Though delightful in risotto, the pinnacle of guanciale achievement remains spaghetti alla carbonara.  Despite the simplicity of the ingredients, carbonara is actually a remarkably difficult dish to execute well.  The trick, as I see it, lies in the sauce.  North American recipes often call for the addition of cream.  This is a form of culinary heresy I detest.  The sauce requires nothing more than raw egg yolks, which add plenty of richness on their own, and the magic of pasta water.  Of course, adding hot water to raw eggs demands some skill, unless the desired outcome is scrambled eggs carbonara.  I posted our first carbonara recipe two years ago, but I've updated it here.  The only real change is that I now use a bit more pasta water, both in the egg yolks and in the pan with the fat leftover from cooking the guanciale. 

And though it's not that last meal at Pommidoro on a chilly fall day after strolling through the Eternal City, our spaghetti alla carbonara with homemade guanciale is a delicious way to rekindle fond memories -- the Bernini sculptures at the Galleria Borghese, the awe-inspiring dome of the Pantheon, and the Baroque splendour of the Trevi Fountain -- from a kitchen many thousands of kilometres away.

Spaghetti alla carbonara

There are a couple of keys to producing a creamy sauce, not scrambled eggs:
1. Use room temperature eggs
2. Temper the beaten eggs with a bit of the pasta water
3. Try to add the egg mixture to a warm, not hot, pan.

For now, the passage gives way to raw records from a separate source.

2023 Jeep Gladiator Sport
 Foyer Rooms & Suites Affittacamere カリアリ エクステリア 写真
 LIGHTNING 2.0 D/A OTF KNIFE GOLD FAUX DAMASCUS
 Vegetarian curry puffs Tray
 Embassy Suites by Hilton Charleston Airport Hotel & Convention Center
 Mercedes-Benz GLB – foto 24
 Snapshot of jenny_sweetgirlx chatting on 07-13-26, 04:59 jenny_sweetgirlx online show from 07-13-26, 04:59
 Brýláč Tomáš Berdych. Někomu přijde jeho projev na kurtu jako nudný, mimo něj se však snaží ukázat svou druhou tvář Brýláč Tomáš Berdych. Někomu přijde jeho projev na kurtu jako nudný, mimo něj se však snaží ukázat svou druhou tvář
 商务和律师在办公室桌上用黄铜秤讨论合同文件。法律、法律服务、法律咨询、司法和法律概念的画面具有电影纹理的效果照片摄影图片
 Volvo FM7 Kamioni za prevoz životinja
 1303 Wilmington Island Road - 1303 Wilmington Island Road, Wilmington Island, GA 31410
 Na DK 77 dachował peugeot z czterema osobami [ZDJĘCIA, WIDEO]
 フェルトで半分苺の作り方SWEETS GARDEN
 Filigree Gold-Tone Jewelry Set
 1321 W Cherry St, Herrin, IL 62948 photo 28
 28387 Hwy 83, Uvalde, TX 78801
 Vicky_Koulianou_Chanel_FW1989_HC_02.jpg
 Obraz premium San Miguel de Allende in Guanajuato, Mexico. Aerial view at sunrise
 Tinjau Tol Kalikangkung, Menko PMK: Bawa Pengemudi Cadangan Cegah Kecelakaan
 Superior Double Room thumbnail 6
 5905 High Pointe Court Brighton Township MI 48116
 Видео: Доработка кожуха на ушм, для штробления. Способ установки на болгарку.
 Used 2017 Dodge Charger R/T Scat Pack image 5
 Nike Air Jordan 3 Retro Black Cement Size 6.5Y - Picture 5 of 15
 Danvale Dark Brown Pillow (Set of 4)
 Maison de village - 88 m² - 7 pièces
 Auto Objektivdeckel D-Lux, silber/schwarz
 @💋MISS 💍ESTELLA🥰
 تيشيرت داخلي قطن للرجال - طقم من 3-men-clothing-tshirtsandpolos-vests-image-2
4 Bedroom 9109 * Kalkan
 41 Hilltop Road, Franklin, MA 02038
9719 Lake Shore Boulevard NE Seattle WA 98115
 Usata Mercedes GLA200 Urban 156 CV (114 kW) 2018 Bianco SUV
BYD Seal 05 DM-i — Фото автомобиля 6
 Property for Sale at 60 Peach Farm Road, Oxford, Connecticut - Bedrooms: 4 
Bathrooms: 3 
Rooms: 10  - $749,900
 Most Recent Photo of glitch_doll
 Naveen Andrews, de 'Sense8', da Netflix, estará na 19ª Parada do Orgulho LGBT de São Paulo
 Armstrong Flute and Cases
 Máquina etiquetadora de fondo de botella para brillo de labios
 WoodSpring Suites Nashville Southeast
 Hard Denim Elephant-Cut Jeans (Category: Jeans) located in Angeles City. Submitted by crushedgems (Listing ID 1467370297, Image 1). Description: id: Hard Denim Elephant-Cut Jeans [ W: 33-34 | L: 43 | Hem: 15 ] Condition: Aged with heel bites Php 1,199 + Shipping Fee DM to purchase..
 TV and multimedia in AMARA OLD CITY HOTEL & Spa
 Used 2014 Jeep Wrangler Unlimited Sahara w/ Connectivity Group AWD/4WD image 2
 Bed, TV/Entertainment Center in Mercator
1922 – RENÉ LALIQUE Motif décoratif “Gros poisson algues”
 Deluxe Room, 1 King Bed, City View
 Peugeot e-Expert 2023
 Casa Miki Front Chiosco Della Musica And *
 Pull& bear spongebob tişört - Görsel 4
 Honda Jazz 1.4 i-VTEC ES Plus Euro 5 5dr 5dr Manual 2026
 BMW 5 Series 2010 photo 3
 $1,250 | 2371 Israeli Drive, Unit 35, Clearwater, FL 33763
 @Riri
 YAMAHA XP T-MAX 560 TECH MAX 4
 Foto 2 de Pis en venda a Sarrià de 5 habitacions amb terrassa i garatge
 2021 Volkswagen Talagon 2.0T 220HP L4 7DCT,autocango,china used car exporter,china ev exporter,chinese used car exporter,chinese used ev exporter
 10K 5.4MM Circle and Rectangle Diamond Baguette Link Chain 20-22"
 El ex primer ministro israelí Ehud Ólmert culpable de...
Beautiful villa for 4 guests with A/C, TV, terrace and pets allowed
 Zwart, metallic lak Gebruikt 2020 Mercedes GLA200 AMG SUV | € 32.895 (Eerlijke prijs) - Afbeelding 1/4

500 grams spaghetti or bucatini
4 room temperature egg yolks plus one whole egg, beaten
200 grams guanciale, pancetta, or best bacon cut into 1.5 cm (approx 3/4 inch) lardons
30 grams (approx. 3/4 cup), finely grated pecorino romano or parmigiano reggiano
pepper to taste
1 tbsp olive oil
pasta water

Bring a large pot of water to a boil.  When water boils, add a generous amount of salt.

Heat a sauté pan over medium heat.  Add olive oil and guanciale, and sauté until outside is crispy but inside remains slightly chewy, approximately 5-7 minutes.  Drain desired amount of fat from pan (guanciale fat tastes good, so I try to leave it all in the pan).

Place spaghetti in boiling water.  Prepare as per package instructions.

When there are five minutes remaining in the pasta cooking time, add 125 mL (approx. 1/2 cup) of the starchy pasta cooking water to the guanciale fat in the sauté pan.  Return pan to medium-high heat.  Reduce the mixture by at least half, stirring occasionally until the mixture has emulsified.

Add pepper to taste to beaten eggs.  Slowly add 70 mL (a generous 1/4 cup) of the pasta water to the egg mixture.  Do not add quickly or the eggs will scramble.

When spaghetti is al dente, lower the heat under the sauté pan to low.  Drain the spaghetti and add it to the sauté pan.  Slowly add the beaten eggs to the noodles, tossing constantly (I find a good set of tongs work best) and
adding more pasta water, if necessary, to loosen the sauce.  Add pecorino and more pepper, if desired.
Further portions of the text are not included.